Avant que je puisse répondre, nous entendîmes un glapissement, peut-être un cri – les carreaux blancs de la station rendaient l'acoustique infernale – et nous retournâmes précipitamment dans le hall.
Le chat était revenu. Le chat tigré galeux que Shailesh avait lâché pour servir d'appât et nous permettre à Ayaan et moi d'entrer. Il avait dû se débrouiller pour échapper aux morts, et revenir par une entrée cachée trop petite pour être surveillée. Il avait l'air sale et décontenancé comme il s'avançait dans le hall et remuait la queue d'un côté et de l'autre avec méfiance.
Une fille avec un appareil dentaire et des lunettes aux verres épais se baissa et tapota ses genoux.
— Viens, approche, minet, roucoula-t-elle.
Le chat se tourna vers la voix. Un instant plus tard, il se jetait sur elle et ses dents s'enfonçaient avec agressivité dans ses bras tandis qu'elle essayait de se protéger. Ce fut à ce moment que nous vîmes tous le trou dans le flanc du chat, une blessure inégale à travers laquelle ses côtes étaient parfaitement visibles.
Jack se précipita vers la fille tandis que les autres reculaient avec terreur, se piétinant presque les uns les autres comme ils essayaient de s'éloigner. Jack sortit un couteau de combat et frappa le chat à la tête. Puis il se tourna vers la fille, saisit brutalement l'un de ses bras et le dressa. Il était couvert de petites morsures – des piqûres d'épingle de sang – et de salive de chat.
— Viens, dit Jack.
Sa voix n'était ni cruelle ni douce, simplement neutre. Il ne lui restait rien en matière d'émotions à donner à la fille. Il l'emmena dans l'un des nombreux couloirs de la station.
L'air dans le hall sembla plus pesant et prit un goût infect, comme si on avait déversé du ciment caoutchouteux. L'atmosphère de réjouissance avait complètement disparu, ce qui, apparemment, donna à Marisol l'occasion d'occuper de nouveau le devant de la scène.
— Des séquences de film célèbres ! cria-t-elle.
Ces paroles semblaient fragiles, mais lui obtinrent l'attention de la foule.
— Des séquences de film célèbres ! Qui en connaît une ?
Les survivants, peut-être bien glacés d'horreur, se regardèrent entre eux, en essayant de penser à quelque chose, quoi que ce soit. Finalement, Ayaan se leva. Elle était visiblement sur le point de mourir d'embarras et sa maîtrise de l'anglais fut sérieusement diminuée par son trac, mais elle parvint à dire d'une petite voix flûtée :
— Pouvons-nous avoir la fameuse séquence avec Sandra Bullock et Keanu Reeves dans Speed?

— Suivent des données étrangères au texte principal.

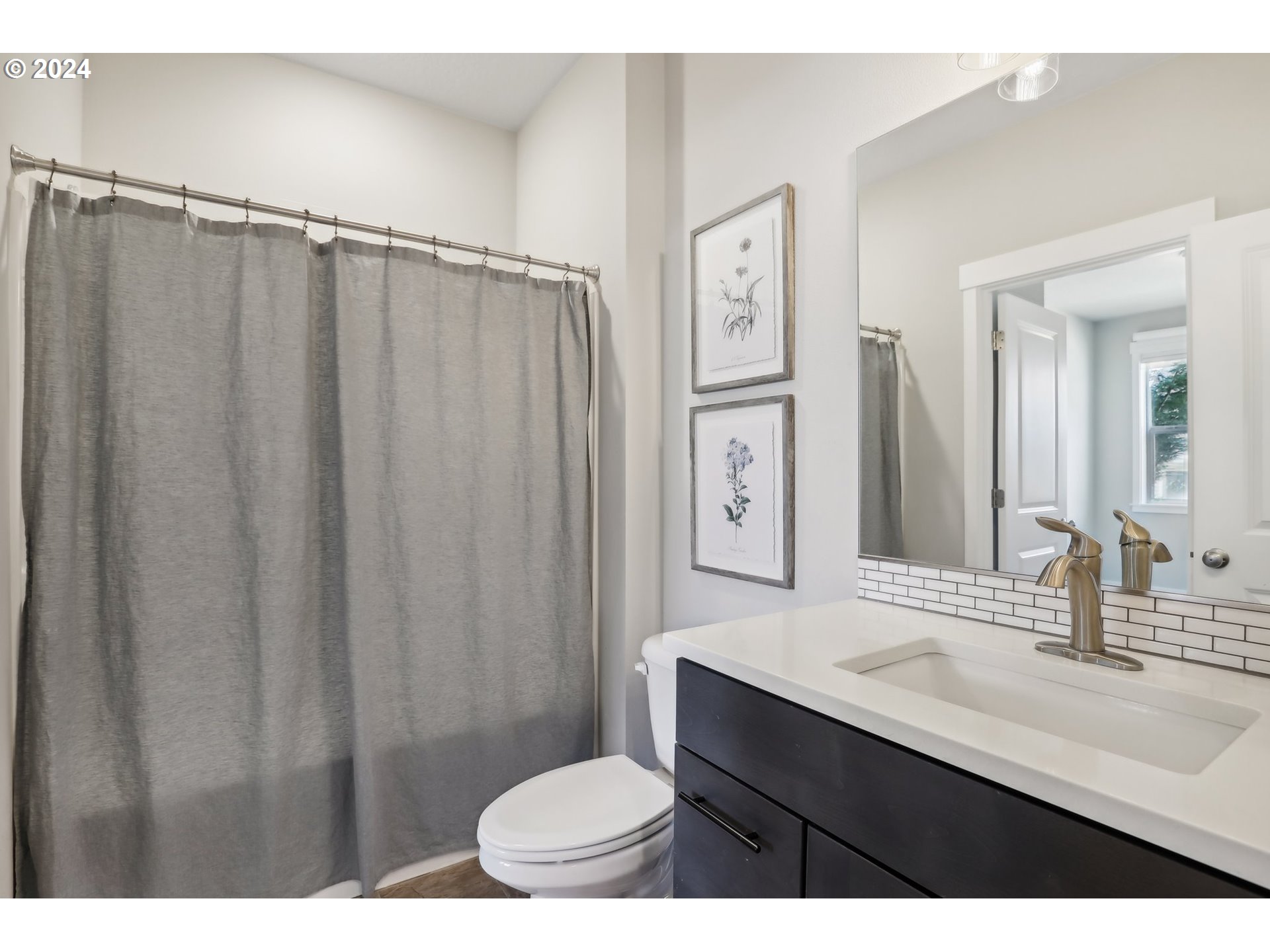 1817 Northeast 171st Street Ridgefield, WA 98642 - Photo 13 of 32 a bathroom with a sink a toilet a mirror and shower curtain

Marisol hocha la tête avec empressement et encouragea Ayaan à jouer la scène avec elle.
— Il y a une bombe dans le bus ! cria Ayaan avec un léger sourire. Je dois savoir, m'dame, si vous êtes capable de conduire ce bus !
Ainsi c'était pour cela qu'ils avaient besoin de Marisol. Je les laissai et me tournai pour rejoindre Jack dans le couloir.